J'ai toujours cherché à être impeccable, sans l'ombre d'une faute sur moi, ni dans les écrits, ni dans mon comportement. J'accepte mal si l'une se glisse entre elle et moi. La perfection n'existe pas. J'ai eu un père si froid d'apparence, imperméable et si peu démonstratrif, il était toujours là pour me protéger, me défendre et me soutenir. Il a été présent dans ma vie et pourtant pendant les quinze premières années de ma vie, c'était un silence pesant. Je n'arrivais pas à communiquer avec lui. C'était pareil avec ses autres protégénitures. J'étais la dernière et j'ai gardé cette âme de petite fille qui regarde son père avec tendresse. Je sais qu'il m'aimait, mais je n'ai jamais dit " Je t'aime "et lui non plus. Cette pudeur entre nous est si paralysante que les mots ne sortent.
J'ai pris de toi avec un mélange de maman.
Tu nous a quitté par une belle journée de printemps comme celle-ci. Ta vie s'est terminée à l'hôpital paraplégique, je n'étais pas à tes côtés. Mais la veille, je t'ai vu et tu as tenu ma main. Je n'imaginais pas que je te voyais pour la dernière fois.
Une semaine plutôt, je j'entendais au téléphone et une heure après, tu partais à l'hôpital en urgence. Tu faisais un AVC, avec une hémorragie cérébrale.
Ta mort me laissa sans voix, je perdais mon protecteur. Tu ne m'as pas abandonné, tu étais présent même si je ne te voyais pas. Tu me donnais de la force pour tenir, tu comptais sur moi.
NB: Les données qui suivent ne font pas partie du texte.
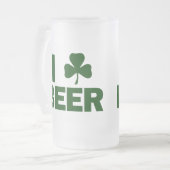 I Shamrock Beer Matglas Bierpul (Voorkant links)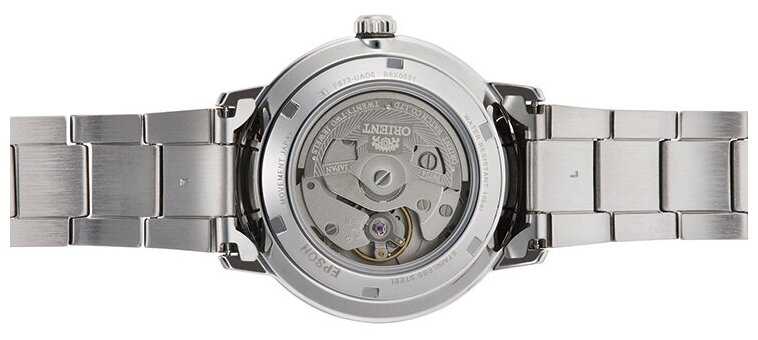 Часы механические Orient RA-AC0E01B соврем. муж, мет. бр-т,100m, DATE фотография 4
Je devais m'occuper de maman et je n'existais plus pour moi-même.
Ma vie n'a plus été la même, j'ai décidé de vivre que pour elle. Cela m'a demandé beaucoup de sacrifices qui finissent par m'étouffer. Une partie de moi est morte et une autre naquit. J'étais plus forte qu'avant, même si je connaissais des moments d'abattements. La lourde tâche qui tombait sur mes épaules, finalement me pèse un plus chaque jour. Depuis treize ans, je dois affronter un quotidien de frustrations.
J'ai faim de pâtisseries, de fruits de mer, de viandes rouges. Emprisonnée et reclus dans un destin que je ne présageais pas, je gâche mon existence dans mon dévouement pour elle. Je ne vis plus depuis le 20 mars 2006.